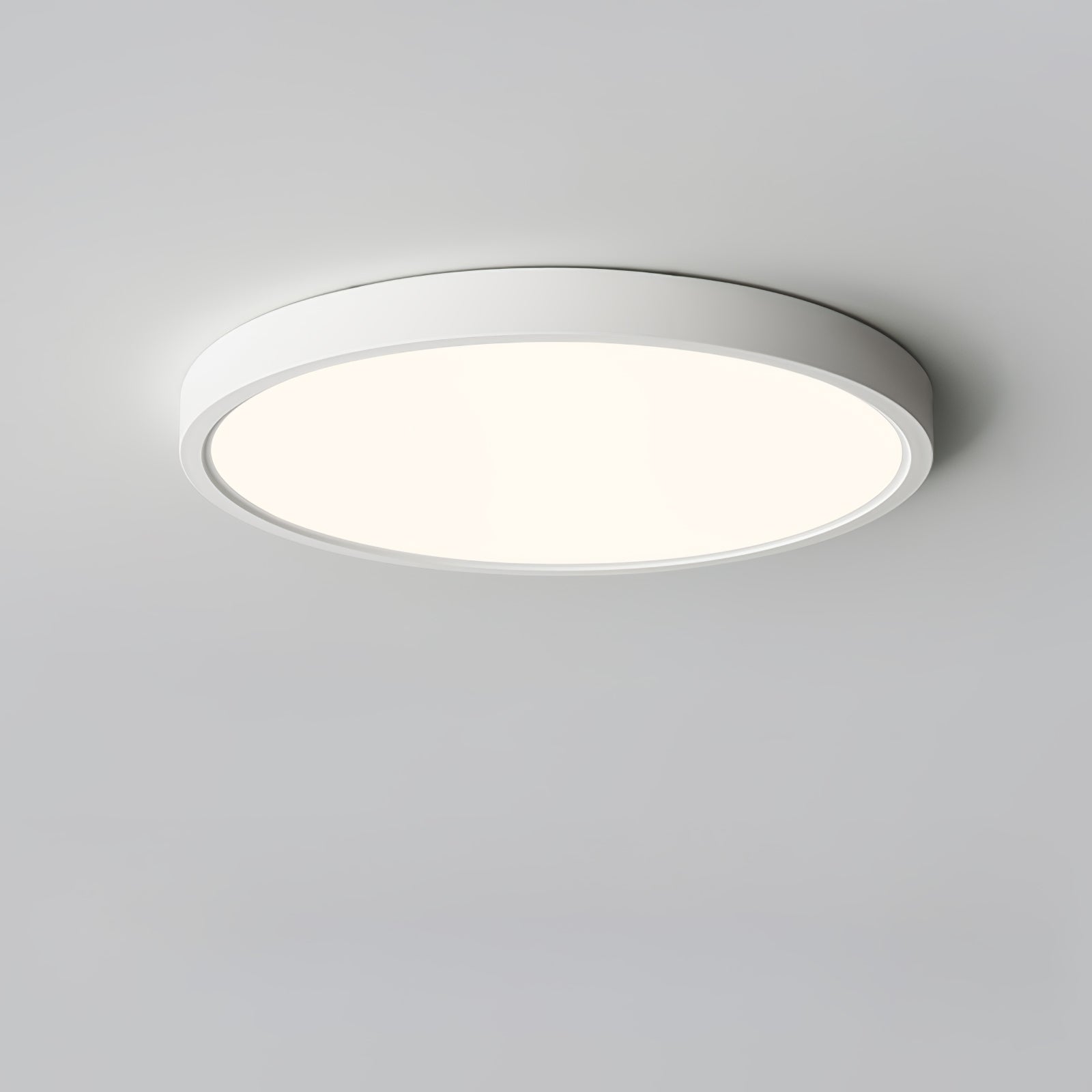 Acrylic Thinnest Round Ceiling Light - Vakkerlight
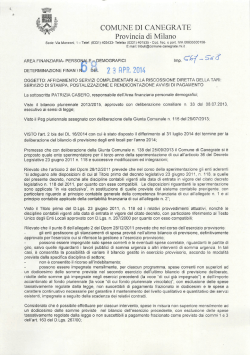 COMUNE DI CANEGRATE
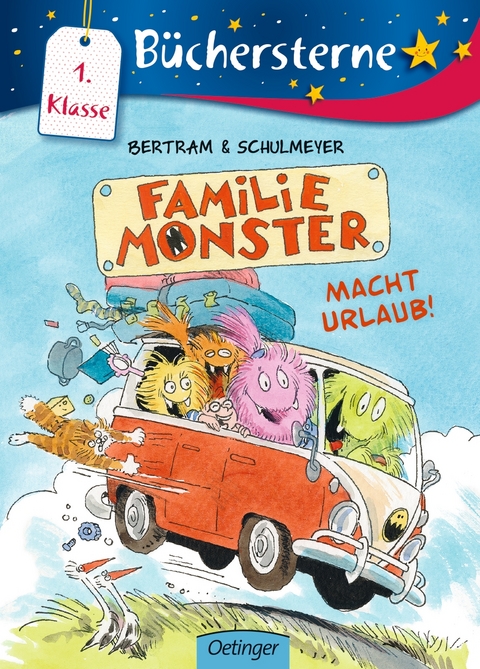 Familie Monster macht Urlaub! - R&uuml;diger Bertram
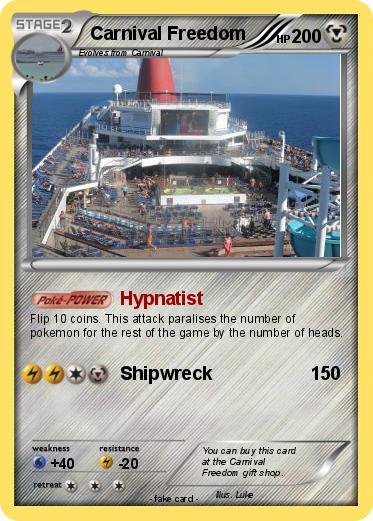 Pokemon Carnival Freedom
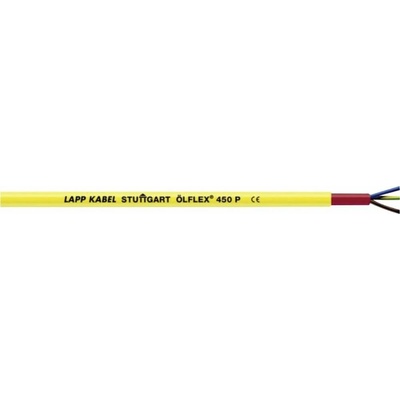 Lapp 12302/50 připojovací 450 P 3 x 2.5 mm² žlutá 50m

### Try it
Everything in the data must be printed verbatim except the pictures.

### Answer to this problem
 Acrylic Thinnest Round Ceiling Light - Vakkerlight
 COMUNE DI CANEGRATE
 Familie Monster macht Urlaub! - R&uuml;diger Bertram
 Pokemon Carnival Freedom
 Lapp 12302/50 připojovací 450 P 3 x 2.5 mm² žlutá 50m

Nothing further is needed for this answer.